Actions run Go code (i.e. everything inside the braces) when a rule matches. Dollar variables address a variable that is a value returned by the parser.

part2: D D D D
  {
    $$ = cat($1, $2, $3, $4)
  }

Lexing

Two things are happening concurrently during lexing:

  1. Rules are getting matched. The int returned determines which rules match.
  2. Code is getting executed depending on which rule is matched. The result value is used inside the code you write.

Sometimes lex can return the byte itself as an int. Yacc has builtin predetermined tokens so all first 127 bytes are reserved and can be returned without telling the parser you are returning them

b := l.nextb()
if unicode.IsDigit(rune(b)) {
    lval.ch = b
    return D
}
return b

How does it work?

image

Goyacc

  1. Generates a const string per symbol
  2. Defines an interface for the Lexer
  3. Defines a parse function that accepts the lex as input

Options for lexing

Lex is not code that you live in. It is code you write once and then use for a long time. Ok if the code is not clean.

Future improvements

For complicated grammars (e.g. SQL), Goyacc can generate a big result structure that is expensive to pass around. Goyacc actually assigns this structure every time there is a state transition.

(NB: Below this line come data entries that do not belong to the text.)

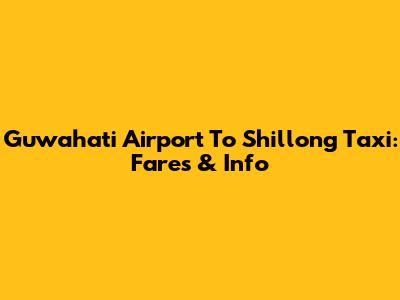 Guwahati Airport To Shillong Taxi: Fares & Info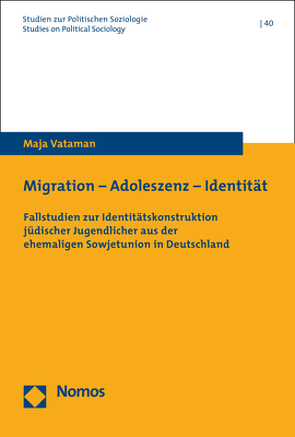 Migration – Adoleszenz – Identität von Vataman,  Maja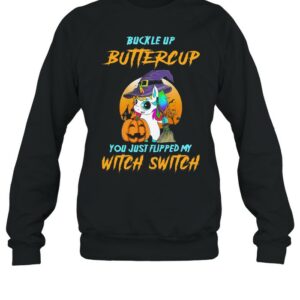 Unicorn Buckle Up Buttercup You Just Flipped My Witch Switch Halloween shirt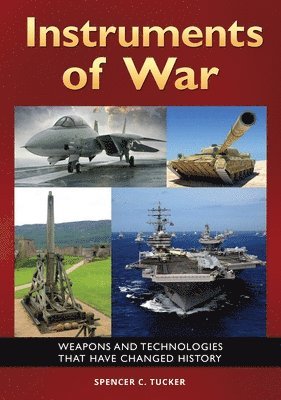 Spencer C. Tucker, Spencer C. (Senior fellow in military history for ABC-CLIO) Tucker, Spencer Tucker - Instruments of War, Inbunden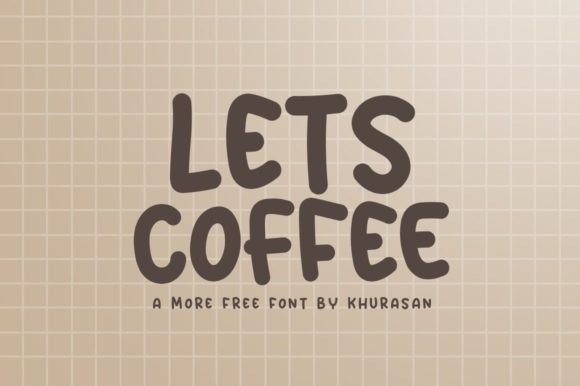 Lets Coffee Font for Creative Makers and Shop Owners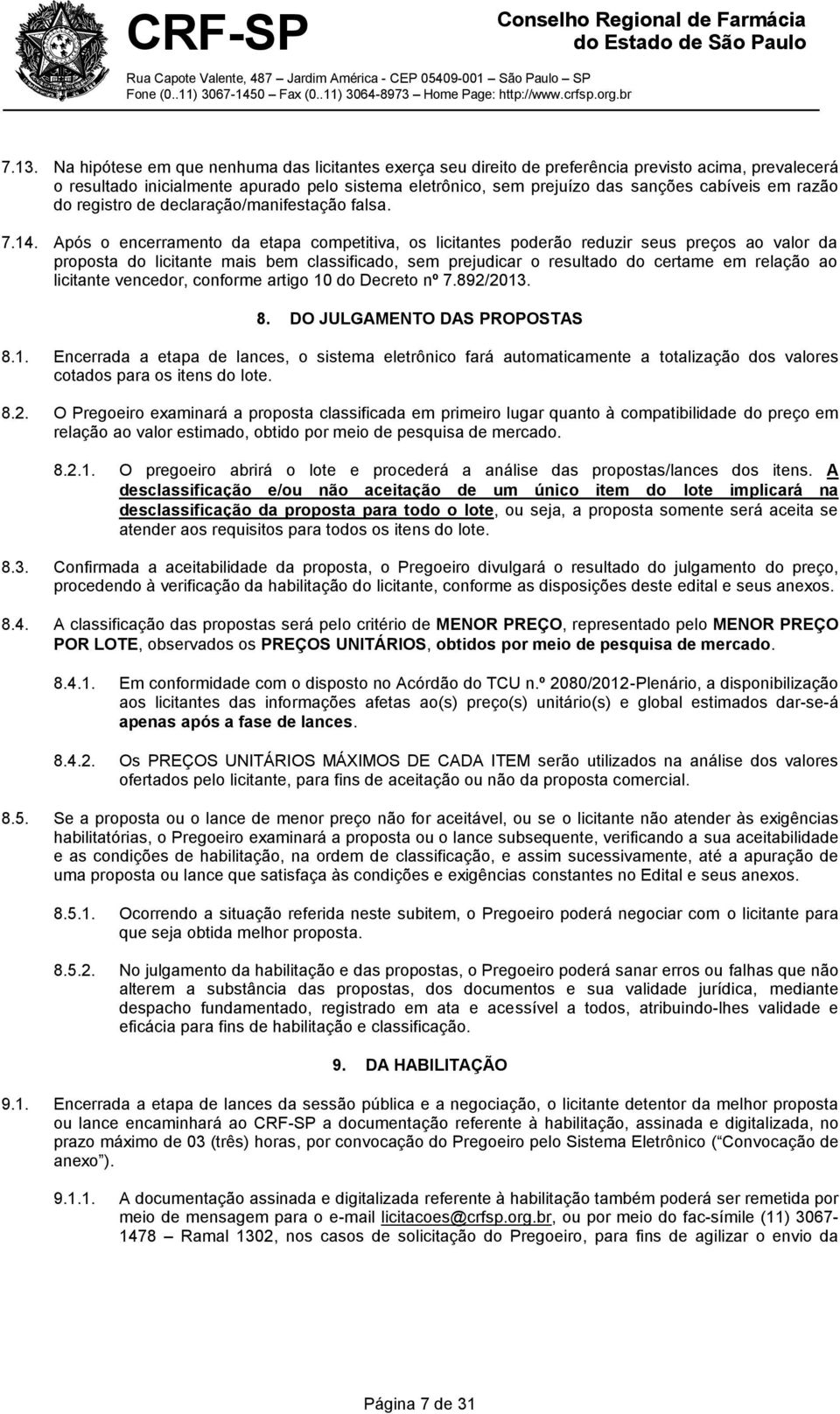 Após o encerramento da etapa competitiva, os licitantes poderão reduzir seus preços ao valor da proposta do licitante mais bem classificado, sem prejudicar o resultado do certame em relação ao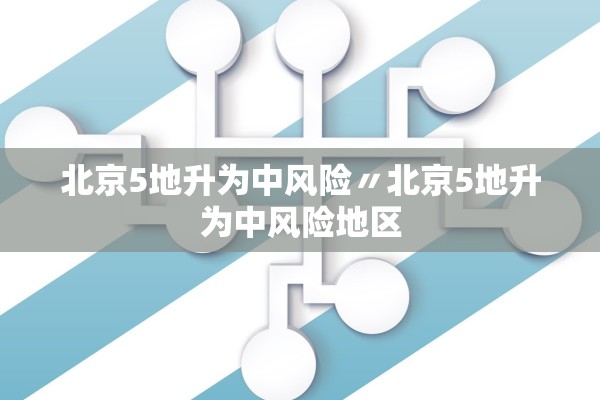 北京5地升为中风险〃北京5地升为中风险地区
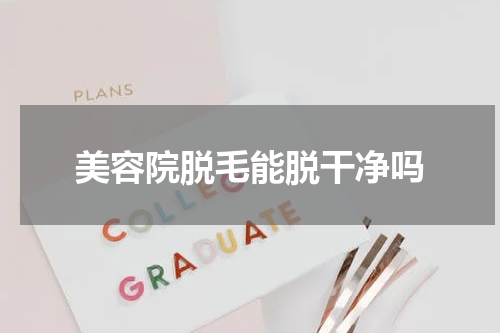 美容院脱毛能脱干净吗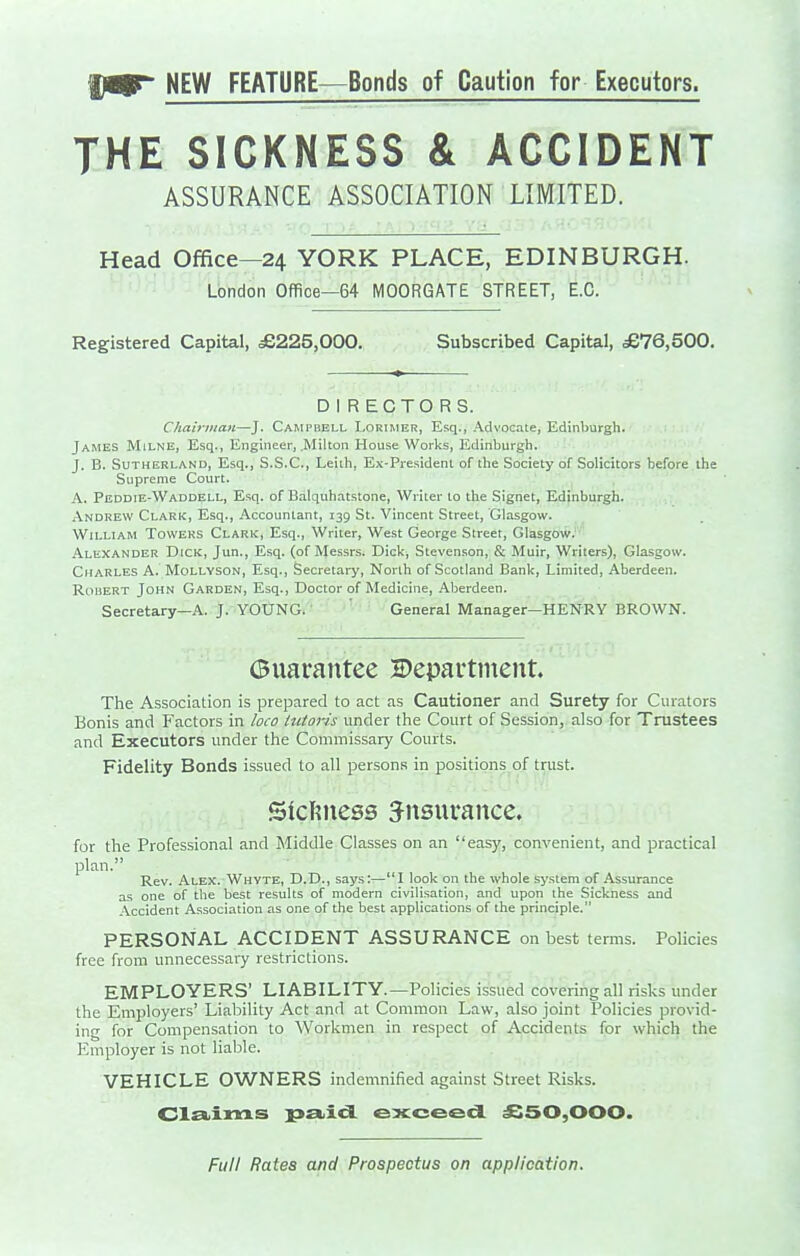 '§fgSr NEW FEATURE—Bonds of Caution for Executors. THE SICKNESS & ACCIDENT ASSURANCE ASSOCIATION LIMITED. Head Office—24 YORK PLACE, EDINBURGH. London Office—64 MOORGATE STREET, E.G. Registered Capital, £225,000. Subscribed Capital, £76,500, DIRECTORS. Chairman—J. Cami»bell Lorimer, Esq., .\dvocate, Edinl>urgh. James Milne, Esq., Engineer, .Milton House Works, Edinburgh. J. B. Sutherland, Esq., S.S.C., Leiih, Ex-President of the Society of Solicitors before the Supreme Court. A. Peddie-Waddell, Esq. of Balquhatstone, Writer to the Signet, Edinburgh. xVndrew Clark, Esq., .Vccountant, 139 St. Vincent Street, Glasgow. William Towers Clark, Esq., Writer, West George Street, Glasgow. .\lexander Dick, Jun., Esq. (of Messrs. Dick, Stevenson, & Muir, Writers), Glasgow. Citarles a. Mollyson, Esq., Secretary, North of Scotland Bank, Limited, Aberdeen. RoiiERT John Garden, Esq., Doctor of Medicine, .iVberdeen. Secretary—A. J. YOUNG. ' General Manager—HENRY BROWN. (Bxxarantee 2)epai*ttnent. The Association is prepared to act as Cautioner and Surety for Curators Bonis and Factors in loco Intoris under the Court of Session, also for Trustees and Executors under the Commissary Courts. Fidelity Bonds issued to all persons in positions of trust. Sicfiness insurance. for the Professional and Middle Classes on an easy, convenient, and practical plan. Rev. Alex.-Whyte, D.D., says:—I look on the whole system of .Assurance as one of the best results of modern civilisation, and upon the Sickness and .\ccident Association as one of the best applications of the principle. PERSONAL ACCIDENT ASSURANCE on best terms. Policies free from unnecessaiy restrictions. EMPLOYERS' LIABILITY.—Policies issued covering all risks under the Employers' Liability Act and at Common Law, also joint Policies provid- ing for Compensation to Workmen in respect of Accidents for which the Employer is not liable. VEHICLE OWNERS indemnified against Street Risks. ClEbims p£t.icL exceed £50,000. Full Rates and Prospectus on application.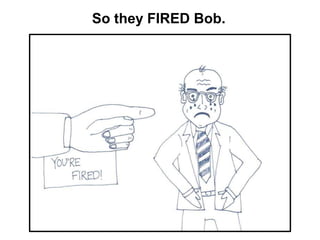 So they FIRED Bob.
 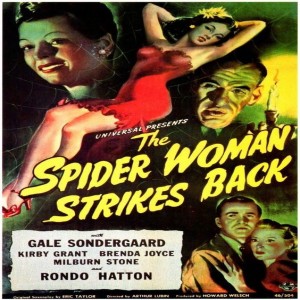 #90 - THE SPIDER WOMAN STRIKES BACK (1946) 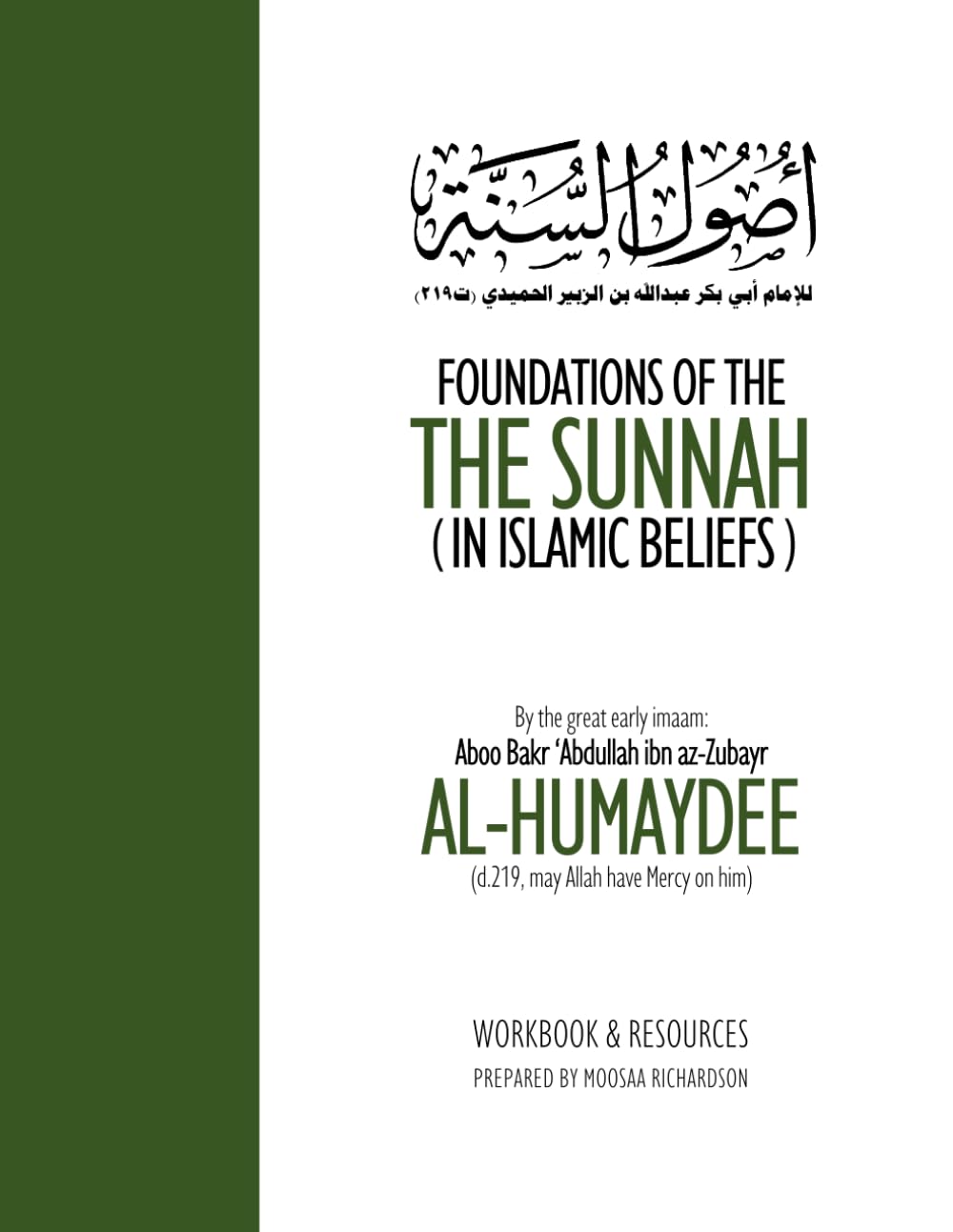 Foundations of the Sunnah in Islamic Beliefs: Workbook and Resources for Study of al-Imaam al-Humaydee's Usool as-Sunnah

C (yacc) has structure called union which efficiently packs the datastructre, but there is no equivalent in Go....except interfaces are a very close equivalent!

Unlike C union type, you can type assert an interface in Go. One limitation with using a type asserted Go interface is that it is an rvalue which means you can't assign to it.

Switching Vitess to use an interface instead of struct doubles performance, but would be a backward incompatible change to goyacc.